Young people at a university graduation ceremony. There are hardly any jobs for most of them.

Alice Wanjiru (not her real name) has learnt the hard way that a university degree is not a guarantee to employment, despite her parents' mantra: Study hard, the future lies in a degree.

Today, Wanjiru has nothing to show for the five years she spent at the Jomo Kenyatta University of Agriculture and Technology burning the midnight oil studying electronic engineering.

Most of her compatriots at Mukuru kwa Njenga, where she hawks sweets and groundnuts, have never seen the inside of a lecture theatre.

“I thought I was assured of a decent job after university but there are no jobs for me out here. I have to do anything to get cash for survival,” Wanjiru says.

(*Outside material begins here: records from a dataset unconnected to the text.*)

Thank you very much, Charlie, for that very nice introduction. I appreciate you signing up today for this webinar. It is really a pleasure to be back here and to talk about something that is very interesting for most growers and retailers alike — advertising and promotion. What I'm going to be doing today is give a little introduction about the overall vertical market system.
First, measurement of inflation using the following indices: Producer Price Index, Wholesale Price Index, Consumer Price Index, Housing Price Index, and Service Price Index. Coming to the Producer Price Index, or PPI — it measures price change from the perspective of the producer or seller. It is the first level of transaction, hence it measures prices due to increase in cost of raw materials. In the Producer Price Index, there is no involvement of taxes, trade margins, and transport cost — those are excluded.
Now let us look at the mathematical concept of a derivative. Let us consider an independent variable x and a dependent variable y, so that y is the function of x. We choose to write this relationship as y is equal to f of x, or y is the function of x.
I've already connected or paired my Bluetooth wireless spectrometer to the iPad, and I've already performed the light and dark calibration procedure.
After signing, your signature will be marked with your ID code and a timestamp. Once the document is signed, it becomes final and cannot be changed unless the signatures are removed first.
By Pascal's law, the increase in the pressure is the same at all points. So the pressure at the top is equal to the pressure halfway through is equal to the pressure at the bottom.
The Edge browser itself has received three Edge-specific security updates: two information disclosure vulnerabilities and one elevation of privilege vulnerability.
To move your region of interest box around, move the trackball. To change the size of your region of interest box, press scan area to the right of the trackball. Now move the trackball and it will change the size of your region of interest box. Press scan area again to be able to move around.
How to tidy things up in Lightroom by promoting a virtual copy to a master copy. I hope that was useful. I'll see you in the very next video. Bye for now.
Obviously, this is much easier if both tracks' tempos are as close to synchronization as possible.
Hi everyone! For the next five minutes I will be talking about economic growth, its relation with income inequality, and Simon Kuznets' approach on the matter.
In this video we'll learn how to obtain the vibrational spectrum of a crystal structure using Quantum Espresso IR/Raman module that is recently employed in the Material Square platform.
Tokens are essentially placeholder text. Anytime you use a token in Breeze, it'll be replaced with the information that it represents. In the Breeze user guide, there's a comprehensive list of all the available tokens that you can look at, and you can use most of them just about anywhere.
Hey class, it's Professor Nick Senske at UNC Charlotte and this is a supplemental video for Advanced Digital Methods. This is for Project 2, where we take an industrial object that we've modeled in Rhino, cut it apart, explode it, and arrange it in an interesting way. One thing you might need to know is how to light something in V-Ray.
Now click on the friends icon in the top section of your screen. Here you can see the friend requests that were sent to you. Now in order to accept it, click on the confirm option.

The 24-year-old electronics engineer has also done odd farming jobs to pay for basic needs.

She is a representative of thousands of academically qualified youths engaged in the informal sector.

A 2019 Violence Against Children Unicef survey found that the most common work locations for females aged 18-24 the previous year were shops and kiosks (17.4 per cent).

The other work stations were farms or gardens, formal offices, family dwellings, restaurants, hotels, cafés and bars.

The most prevalent work locations for males of the same age group were farms and gardens (24.1 per cent), construction sites, mines, quarries, formal offices, factories and workshops.

However, a Kenya Youth Agribusiness Strategy 2017-2021 report indicates that most youths eschew agriculture.

It says “the situation is exacerbated by the perception of agriculture as a career of last resort, one of drudgery and low monetary benefits.”

But this perception is changing, according to Samson Ongwae, 23, who says, “Agriculture could have been associated with the poor, the tired and the old a few years ago but we are embracing farming. We are doing everything to avoid unemployment.” 

Unemployment is a major headache in the country. Kenyan universities churn out 50,000 graduates annually and 500,000 from tertiary institutions. Many others return home from overseas studies.

Over 1,000,000 young people enter the labour market annually having either dropped out of school or completed high school and not enrolled in any institution of higher learning.

“However, due to the slow economic growth, corruption, nepotism and demand for experience by potential employers, 75 per cent remain unemployed,” a recent report by United States Agency for International Development says.

As Labour Cabinet Secretary, Ukur Yatani last year advised unemployed graduates to turn their job search focus away from the formal sector.

Yatani, who is now the Treasury CS, maintained that the informal sector is dynamic and expanding rapidly, able to contain a multifaceted skill combination so long as the graduate is creative. 

He challenged graduates to embrace creativity, launch into the informal economy and pursue their dreams.

The informal sector, popularly known as the jua kali sector, include small-scale semi-organised enterprises. They are unregulated and use low and simple technologies, according to the Economic Survey 2012.